- [THE PROBLEM]: The reply must repeat the listing below exactly and carry none of its pictures.

- [SOURCE MATERIAL]:
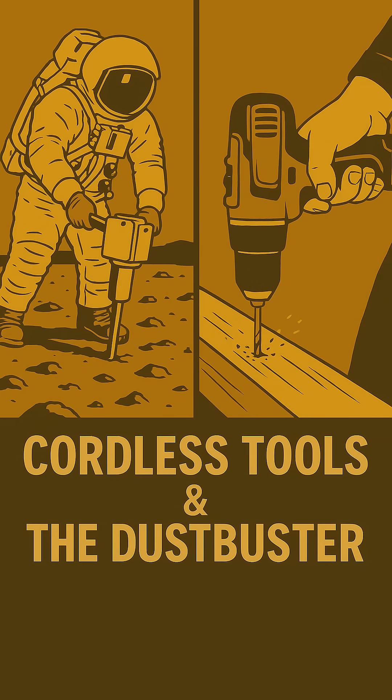Next, your trusty cordless drill — or maybe even that Dustbuster vacuum everyone had? Seriously. When astronauts needed to collect moon rocks, they needed a drill that was tough, light, and battery-powered for zero gravity. Black and Decker made it happen for NASA, and honestly, our lives got so much easier because of it.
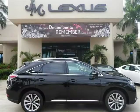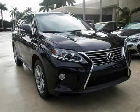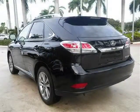This 2013 Lexus RX 350 SUV is located in Margate, Florida and has 3 miles on it. This SUV has a beautiful stargazer black exterior paint color which is complemented by a light grey leather interior color.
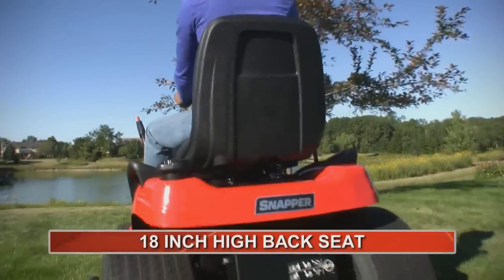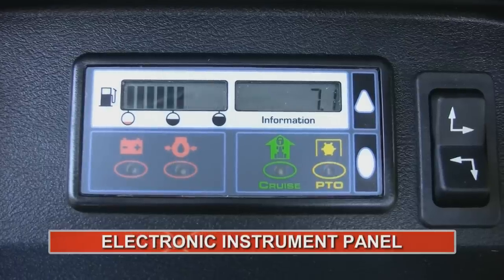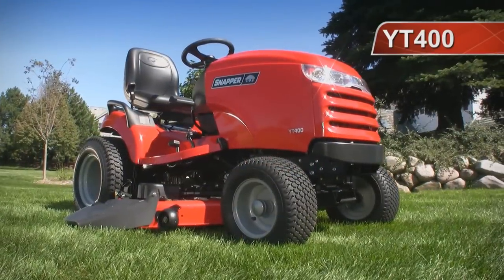But the YT-400 has a gentler side too, with a comfortable 18-inch high-back seat, electric height of cut adjustment, and an electronic instrument panel that keeps you in command. That's the YT-400, Snapper's premier yard tractor.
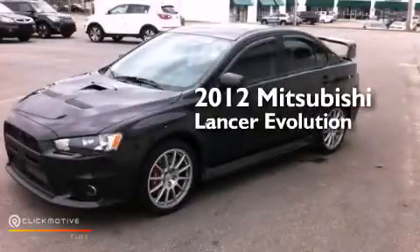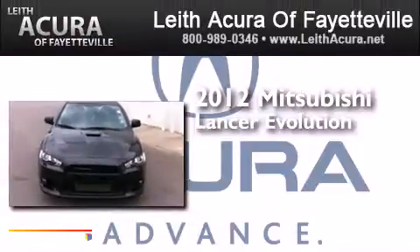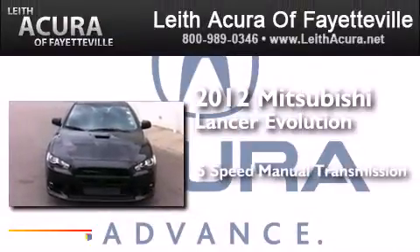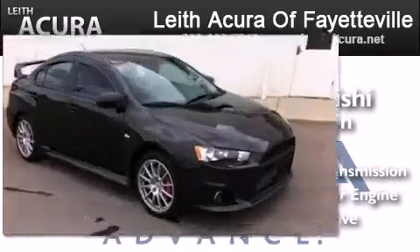This is a 2012 Mitsubishi Lancer Evolution. This four-door sedan has a five-speed manual transmission, an inline four-cylinder engine, and all-wheel drive.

- [WRITTEN ANSWER]:
Next, your trusty cordless drill — or maybe even that Dustbuster vacuum everyone had? Seriously. When astronauts needed to collect moon rocks, they needed a drill that was tough, light, and battery-powered for zero gravity. Black and Decker made it happen for NASA, and honestly, our lives got so much easier because of it.
This 2013 Lexus RX 350 SUV is located in Margate, Florida and has 3 miles on it. This SUV has a beautiful stargazer black exterior paint color which is complemented by a light grey leather interior color.
But the YT-400 has a gentler side too, with a comfortable 18-inch high-back seat, electric height of cut adjustment, and an electronic instrument panel that keeps you in command. That's the YT-400, Snapper's premier yard tractor.
This is a 2012 Mitsubishi Lancer Evolution. This four-door sedan has a five-speed manual transmission, an inline four-cylinder engine, and all-wheel drive.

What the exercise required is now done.